(What you have to do) Make an exact copy of the entries below, with all images left out.

::: Information shown

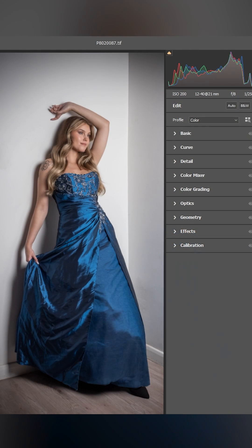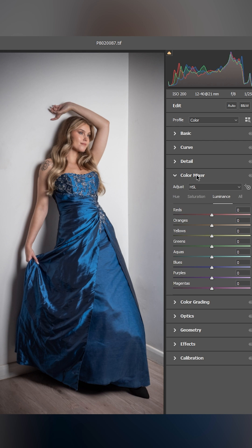I could use Lightroom's develop module, but I'm actually using Camera Raw here inside of Photoshop. Either way, it's the color mixer I'm interested in, and particularly the targeted adjustment tool.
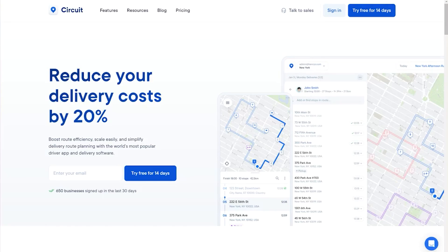Hi, welcome to the latest Circuit for Teams product update. We have one technical and four usability updates to share with you today. These new features will help you integrate Circuit for Teams with your existing systems and improve route planning and performance tracking. So let's dive in.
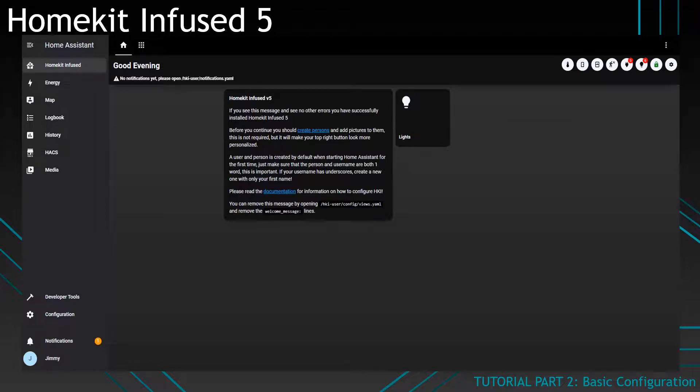Hello YouTube, today I'm going to show you how to configure a view in HomeKit Infused 5. To configure a view in HomeKit Infused 5,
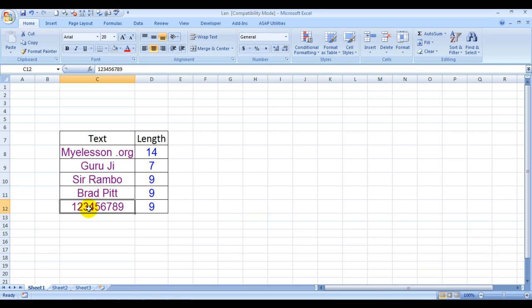This was the LEN formula for you. This Excel file that you're looking at is available for free download on my website myelesson.org. Just go to the website and download the file. Do not forget to share this with your friends.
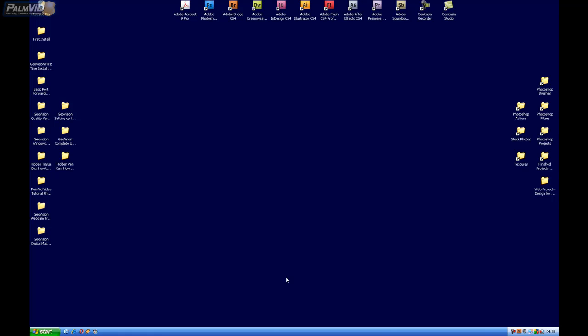Okay, so before we install the PCI card or the software or anything, we're going to go ahead and set up Windows to be configured for GeoVision.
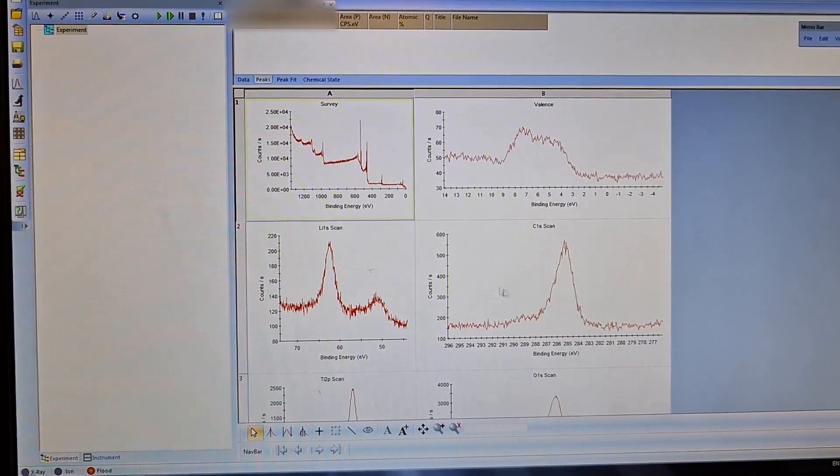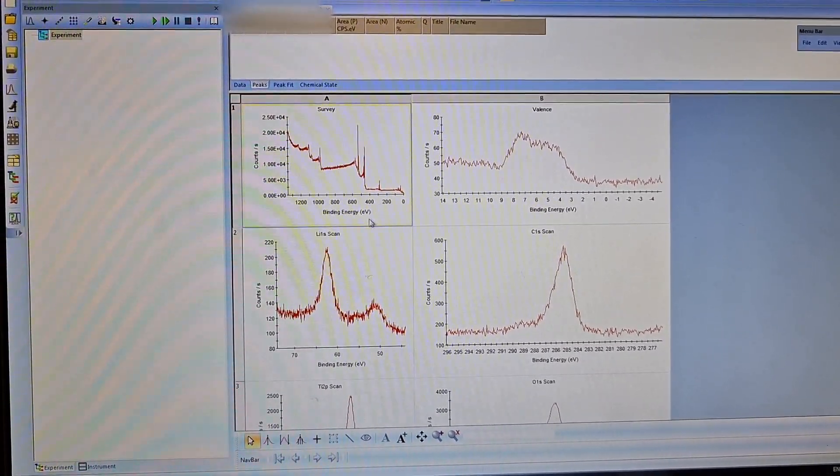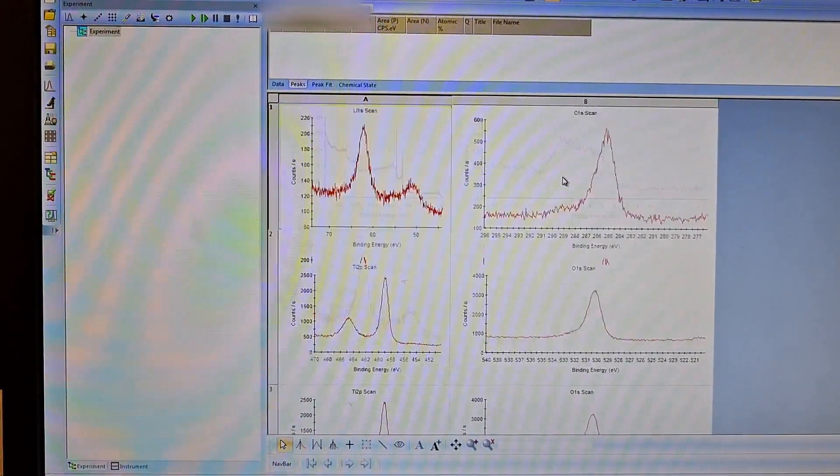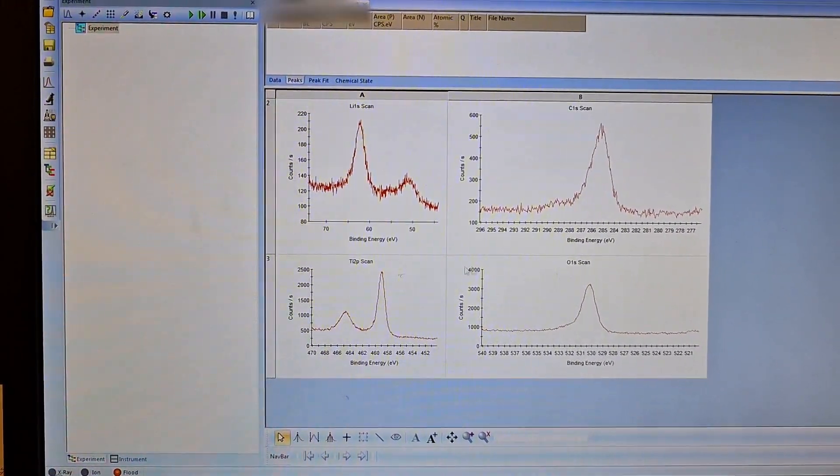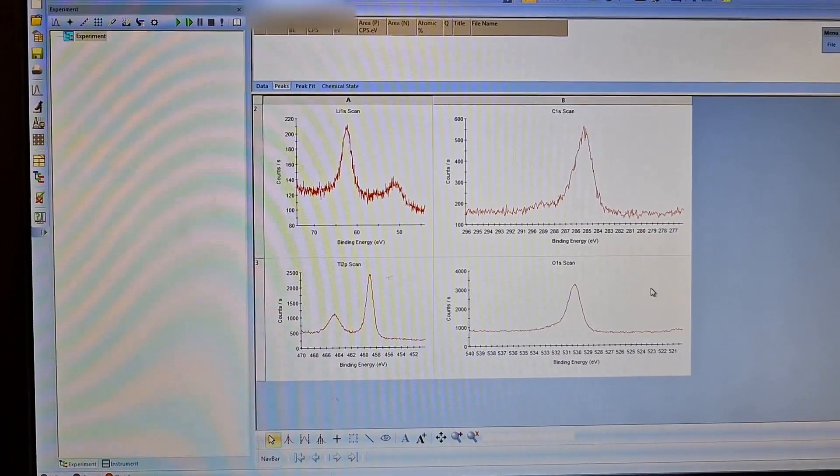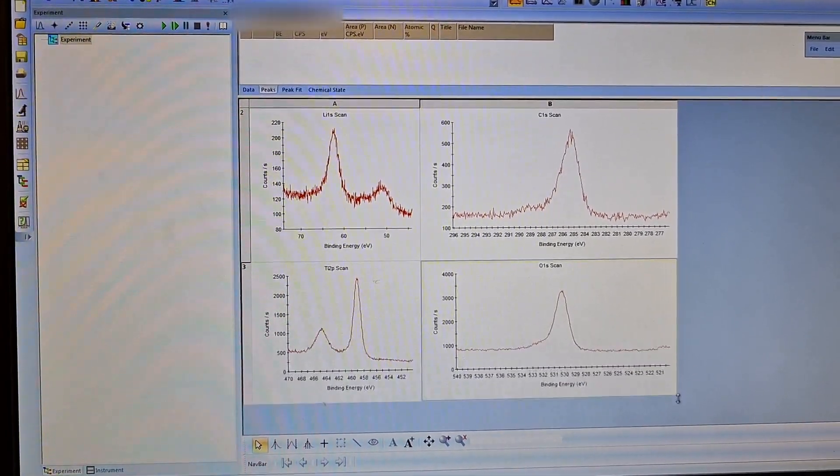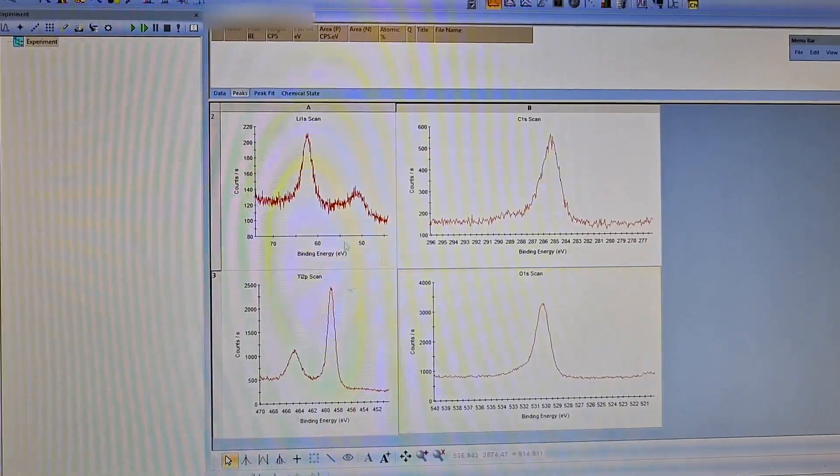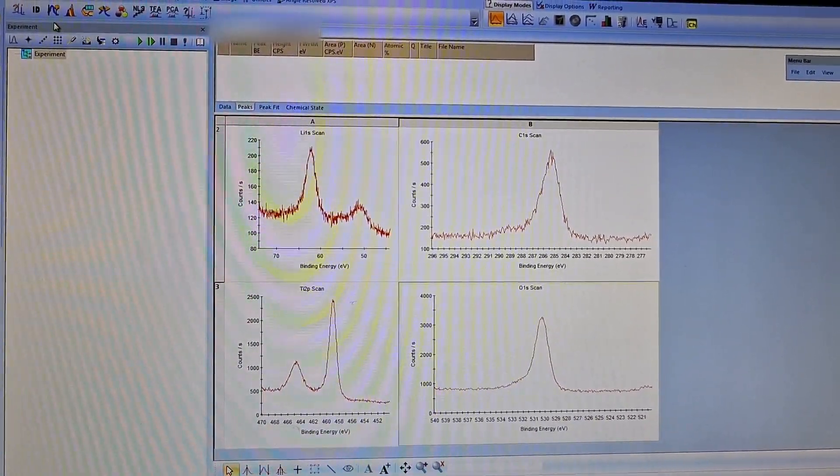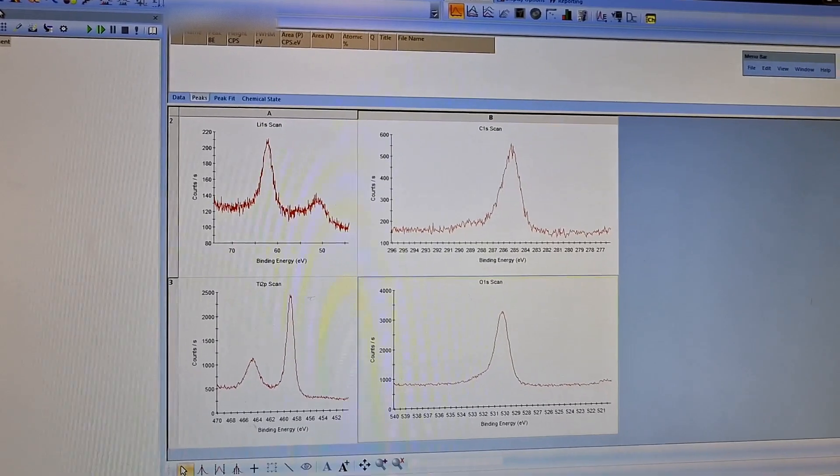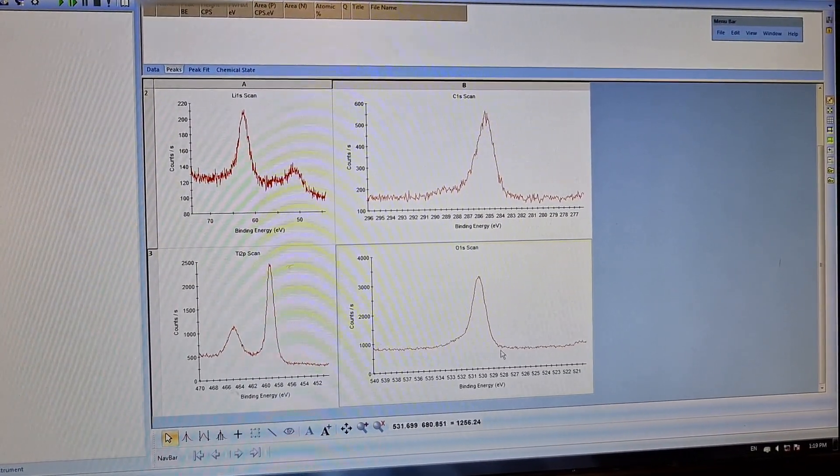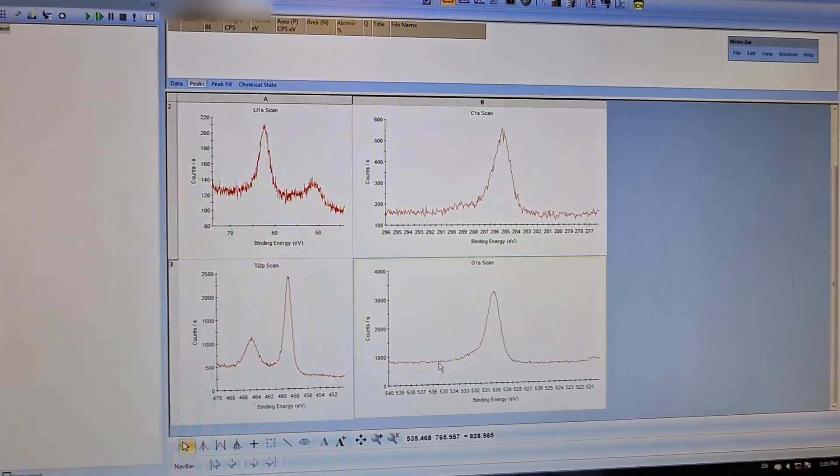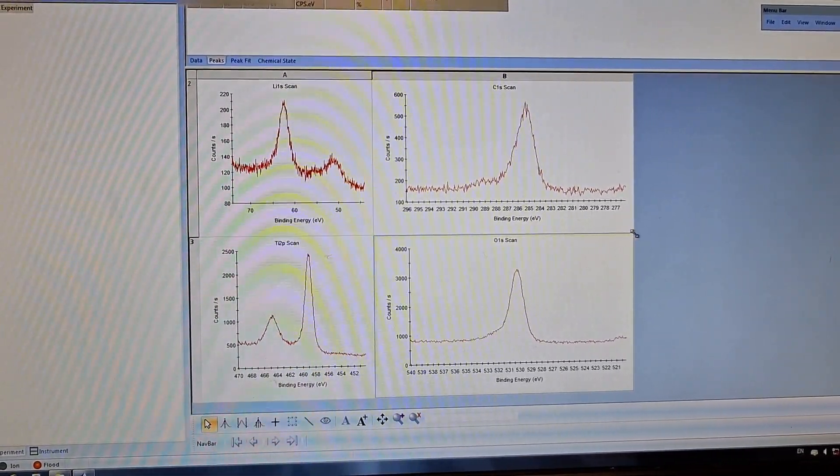We have other data: lithium 1s, survey, valence spectra, titanium 2p, and oxygen 1s peak. For fitting, I want to choose oxygen. It is relatively easier. Firstly, I have to add background from here to here, and I want to make it bigger.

::::::

(Answer area)
I could use Lightroom's develop module, but I'm actually using Camera Raw here inside of Photoshop. Either way, it's the color mixer I'm interested in, and particularly the targeted adjustment tool.
Hi, welcome to the latest Circuit for Teams product update. We have one technical and four usability updates to share with you today. These new features will help you integrate Circuit for Teams with your existing systems and improve route planning and performance tracking. So let's dive in.
Hello YouTube, today I'm going to show you how to configure a view in HomeKit Infused 5. To configure a view in HomeKit Infused 5,
This was the LEN formula for you. This Excel file that you're looking at is available for free download on my website myelesson.org. Just go to the website and download the file. Do not forget to share this with your friends.
Okay, so before we install the PCI card or the software or anything, we're going to go ahead and set up Windows to be configured for GeoVision.
We have other data: lithium 1s, survey, valence spectra, titanium 2p, and oxygen 1s peak. For fitting, I want to choose oxygen. It is relatively easier. Firstly, I have to add background from here to here, and I want to make it bigger.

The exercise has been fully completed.